- Supplied material:
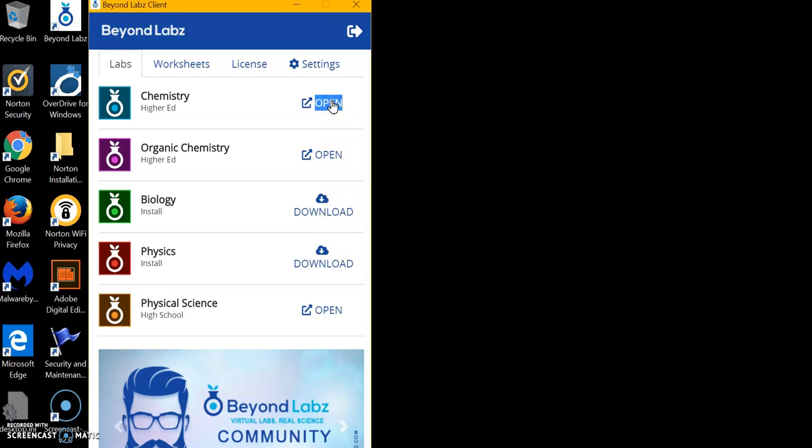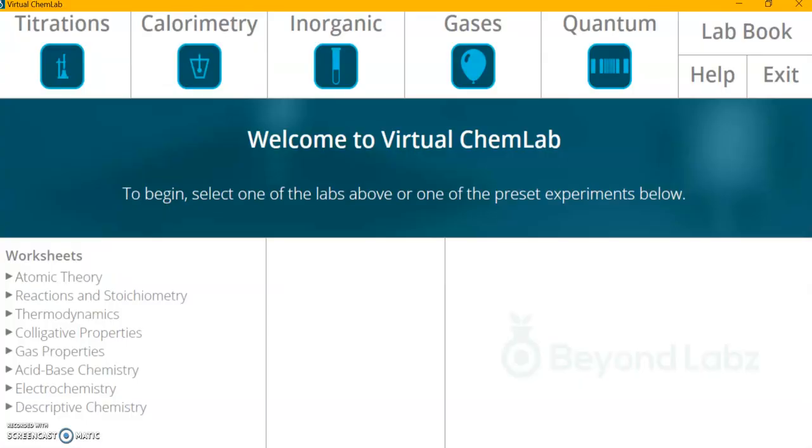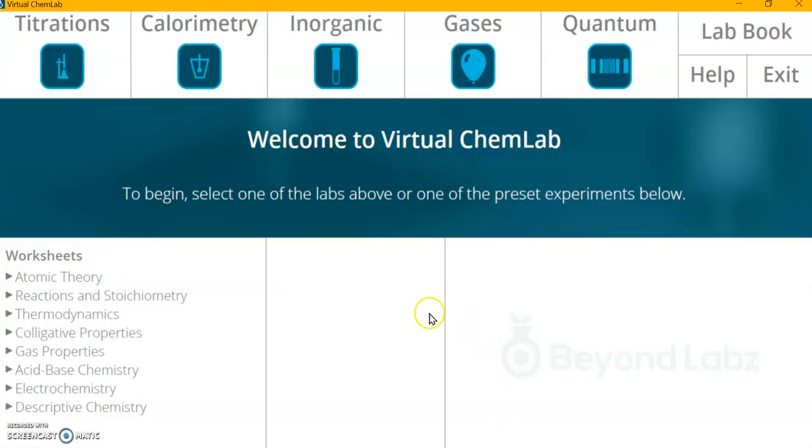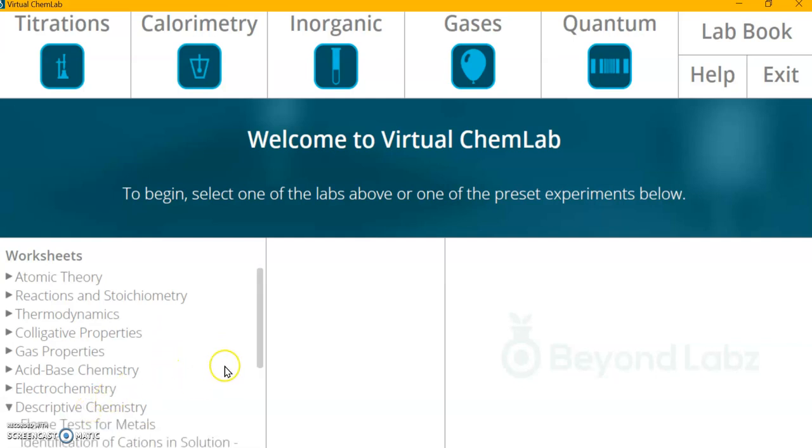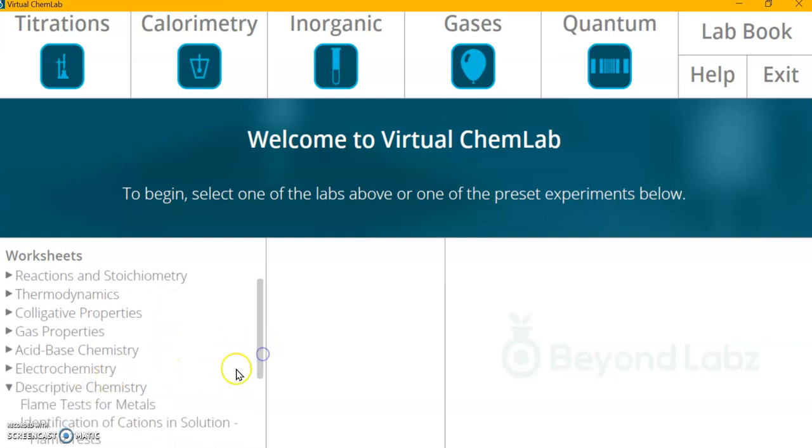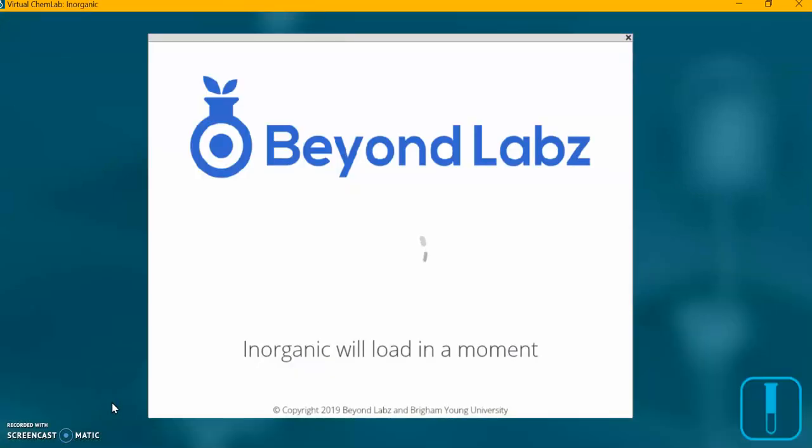I'm going to click my open button here for the virtual chem lab. Here we go. Let's see, Descriptive Chemistry, and we're going to click on Flame Test for Metals.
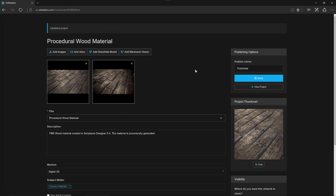And it's going to save my image here to my project. As you can see my project has been updated. And that's all there is to it when it comes to uploading images to your ArtStation account.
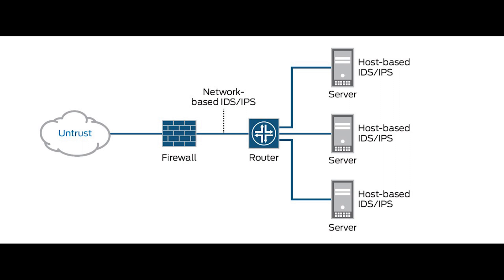Intrusion detection system is a passive detection system. It can detect the presence of an attack, log that information, and at the same time alert the administrator of the threat.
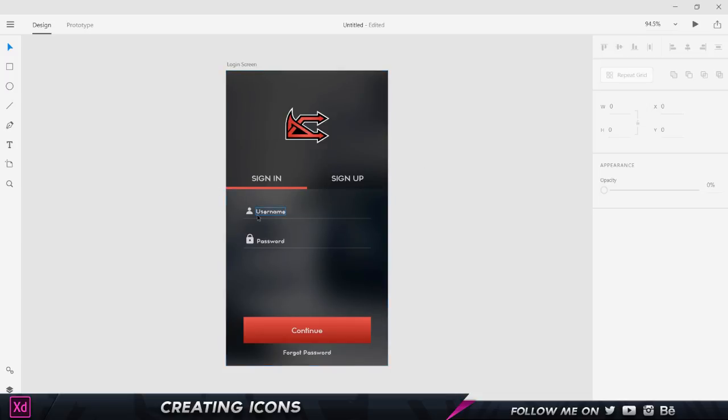We press Control Zero, we fit the screen, and there we go, we have our icon. You need not obviously create the icons on your own because it might take up a lot of time, so rather just get them from icons8.com. Thank you guys so much for watching this video. In the next video, we're going to learn to create the sign up screen, so let's see you guys in the next video.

- Activity:
In your answer, repeat the material above in full, exactly, and without its pictures.

- Output for this task:
I'm going to click my open button here for the virtual chem lab. Here we go. Let's see, Descriptive Chemistry, and we're going to click on Flame Test for Metals.
And it's going to save my image here to my project. As you can see my project has been updated. And that's all there is to it when it comes to uploading images to your ArtStation account.
Intrusion detection system is a passive detection system. It can detect the presence of an attack, log that information, and at the same time alert the administrator of the threat.
We press Control Zero, we fit the screen, and there we go, we have our icon. You need not obviously create the icons on your own because it might take up a lot of time, so rather just get them from icons8.com. Thank you guys so much for watching this video. In the next video, we're going to learn to create the sign up screen, so let's see you guys in the next video.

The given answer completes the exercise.